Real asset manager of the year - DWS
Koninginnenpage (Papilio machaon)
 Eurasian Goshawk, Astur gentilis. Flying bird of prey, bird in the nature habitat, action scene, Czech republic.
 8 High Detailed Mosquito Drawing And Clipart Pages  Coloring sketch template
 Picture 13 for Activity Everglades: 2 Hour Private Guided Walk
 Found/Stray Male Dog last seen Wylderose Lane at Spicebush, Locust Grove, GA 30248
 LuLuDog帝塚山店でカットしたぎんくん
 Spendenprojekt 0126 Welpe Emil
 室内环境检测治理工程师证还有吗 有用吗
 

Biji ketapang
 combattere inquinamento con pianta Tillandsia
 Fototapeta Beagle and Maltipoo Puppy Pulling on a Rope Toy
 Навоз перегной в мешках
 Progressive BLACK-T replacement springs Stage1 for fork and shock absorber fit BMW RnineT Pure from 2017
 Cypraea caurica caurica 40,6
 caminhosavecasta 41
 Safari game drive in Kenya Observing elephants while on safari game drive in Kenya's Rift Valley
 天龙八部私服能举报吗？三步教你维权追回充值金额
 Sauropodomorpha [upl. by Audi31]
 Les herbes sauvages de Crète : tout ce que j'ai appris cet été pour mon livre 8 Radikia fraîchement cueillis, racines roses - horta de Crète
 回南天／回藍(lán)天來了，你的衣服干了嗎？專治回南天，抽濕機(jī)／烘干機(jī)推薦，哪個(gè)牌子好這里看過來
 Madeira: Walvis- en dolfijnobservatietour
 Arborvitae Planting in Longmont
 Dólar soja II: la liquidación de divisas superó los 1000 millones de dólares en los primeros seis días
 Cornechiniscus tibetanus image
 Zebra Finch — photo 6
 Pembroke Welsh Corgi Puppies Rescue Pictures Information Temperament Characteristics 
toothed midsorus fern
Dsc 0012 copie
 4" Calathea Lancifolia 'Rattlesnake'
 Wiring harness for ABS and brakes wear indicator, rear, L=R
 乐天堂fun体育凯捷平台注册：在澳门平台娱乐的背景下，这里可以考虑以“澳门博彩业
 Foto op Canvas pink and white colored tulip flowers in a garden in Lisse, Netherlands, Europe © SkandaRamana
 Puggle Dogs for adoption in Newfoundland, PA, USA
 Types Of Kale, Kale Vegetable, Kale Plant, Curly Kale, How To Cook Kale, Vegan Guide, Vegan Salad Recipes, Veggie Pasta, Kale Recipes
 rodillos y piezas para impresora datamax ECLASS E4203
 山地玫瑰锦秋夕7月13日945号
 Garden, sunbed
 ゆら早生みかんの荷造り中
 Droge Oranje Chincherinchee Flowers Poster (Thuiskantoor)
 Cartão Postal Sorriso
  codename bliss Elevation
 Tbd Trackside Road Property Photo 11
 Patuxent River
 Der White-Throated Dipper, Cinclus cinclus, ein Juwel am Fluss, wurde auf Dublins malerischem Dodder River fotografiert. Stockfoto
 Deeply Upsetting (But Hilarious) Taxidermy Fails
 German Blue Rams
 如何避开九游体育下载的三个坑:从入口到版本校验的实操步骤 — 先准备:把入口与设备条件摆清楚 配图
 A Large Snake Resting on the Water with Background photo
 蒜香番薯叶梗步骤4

....................

TASK => In the listing above, locate the line containing "Sauropodomorpha [upl. by Audi31]" and the line containing "Zebra Finch — photo 6". Transcribe those two lines and everything between them, exactly as written.

YOUR RESPONSE =>
 Sauropodomorpha [upl. by Audi31]
 Les herbes sauvages de Crète : tout ce que j'ai appris cet été pour mon livre 8 Radikia fraîchement cueillis, racines roses - horta de Crète
 回南天／回藍(lán)天來了，你的衣服干了嗎？專治回南天，抽濕機(jī)／烘干機(jī)推薦，哪個(gè)牌子好這里看過來
 Madeira: Walvis- en dolfijnobservatietour
 Arborvitae Planting in Longmont
 Dólar soja II: la liquidación de divisas superó los 1000 millones de dólares en los primeros seis días
 Cornechiniscus tibetanus image
 Zebra Finch — photo 6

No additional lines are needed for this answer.